Life continues at home and apparently I have been too distracted to write. Story three continues coming together, as it gets longer and longer, the fantasy aspect of it because less and less prominent, except in the sense that it's all made up. Am I mostly just writing historical fiction but in a world that is poorly researched and otherwise imagined? Not exactly, though almost. I've been reading this book Eighteenth-Century Women Artists: Their Trials, Tribulations and Triumphs by Caroline Chapman which has been giving me ideas about my character (a woman artist in a similar milieu), but I don't have a strong desire to get too far into pseudo-history. I perhaps needs to add a bit more of the fantasy/unusual aspect. But on the other hand I don't want to go all making up complicated magic systems and maps and made-up words for things. That is rarely the most interesting part of the fantasy works I like.
I returned to The Cinema of Ozu Yasujiro: Histories of the Everyday by Woojeong Joo after a long hiatus. The book is chronological and the early chapters did not engage me a lot because I have not seen a ton of Ozu's early movies, especially the silent ones. I put the book aside for a long time, and then returned to it by skipping to the later chapters where I am familiar with most/all of the movies addressed. In the end, I still did not find a lot to engage me in the book.
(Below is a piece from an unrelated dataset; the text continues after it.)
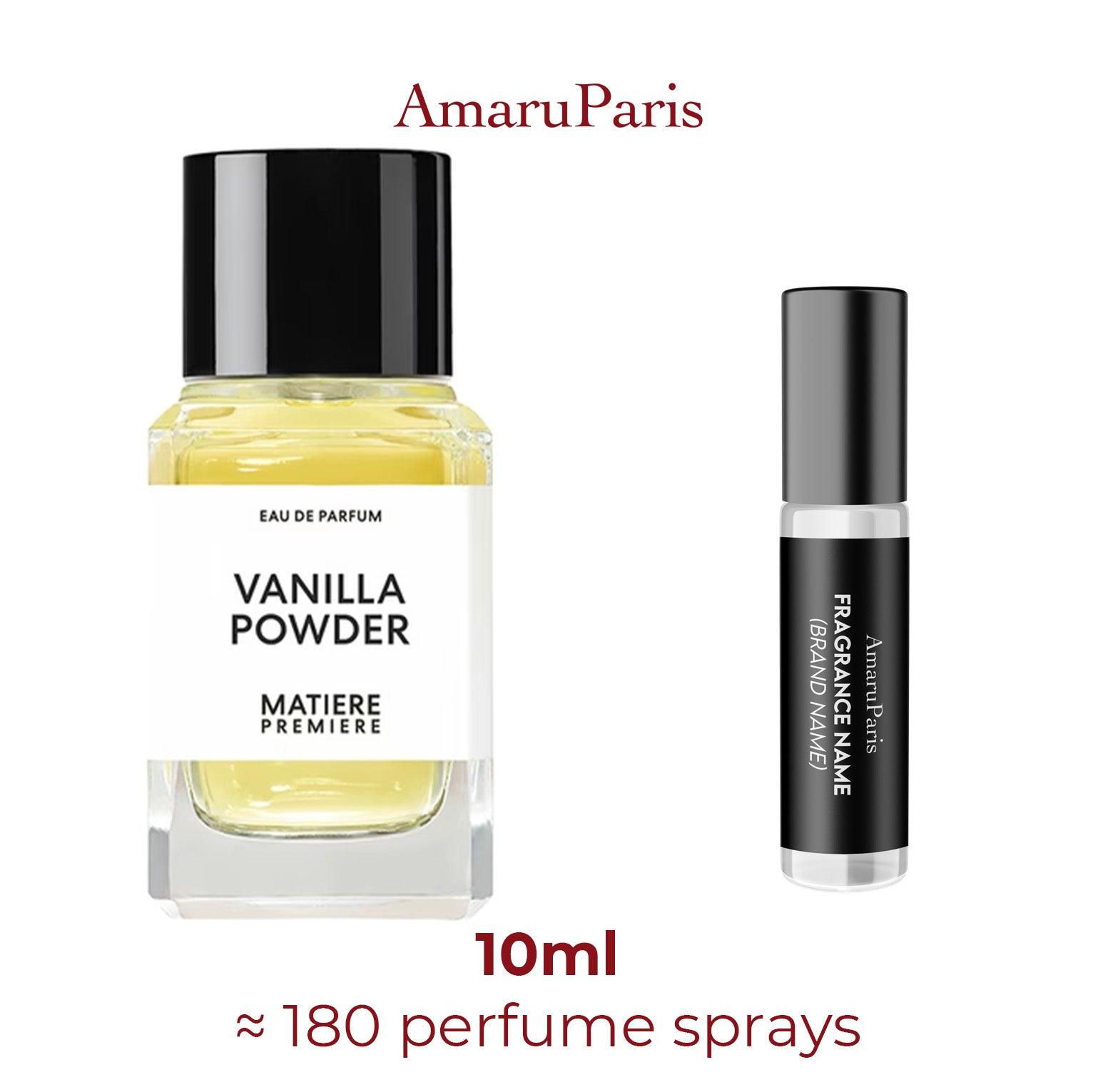 Vanilla Powder Matiere Premiere - Amaru Paris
It gets a lot into the weeds about topics that do not hold my interest strongly. Also, the author has a really annoying habit of overusing Japanese words even when there are English equivalants. This not only ends up sounding pretentious but it becomes hard to follow unless you remember what the word in question actually meant when first introduced, often in some earlier chapter. I'm putting this one into the "weeded" pile. Though it did make me want to revisit more Ozu movies. I have a small Criterion set of some of his early crime dramas that I haven't watched yet.
I finally watched Shimizu's Ornamental Hairpin (1941) on Sunday. It's a quiet drama that takes place at a resort during the war. A young man (a solider on leave I believe) injures his foot on a hairpin accidentally left behind by a previous resident. She returns to the resort to apologize to him, and then ends up staying to escape her life in Tokyo. Shimizu uses lots of long shots, and a lot of the drama comes around the man's attempts to walk on his injured foot. One overlong scene has him trying to walk across a narrow log bridge that spans the shallow river. The woman, some children, and other residents he has become friendly with are all cheering him on as he stumbles and sways across the bridge. It's a strange, sometimes inconsistent movie, with an ending that is melancholy, though not clearly not a happy ending, just unresolved.
We also watched Talk of the Town (1942) with Jean Arthur, Cary Grant, and Ronald Colman, part of a collection of Arthur's movies on the Criterion Channel. It too was a bit inconsistent. Sometimes funny and charming, sometimes political and patriotic, sometimes just boring. The main story about a man falsely accused of arson by a factory owner and an apparently corrupt judge, is interspersed with a three way romance (which man will the woman choose?!). The political angle ends up too patly solved and is, of course, quite unrealistic, especially as it works in one of the characters being a Supreme Court justice. Entertaining for a bit, but not rewatchable.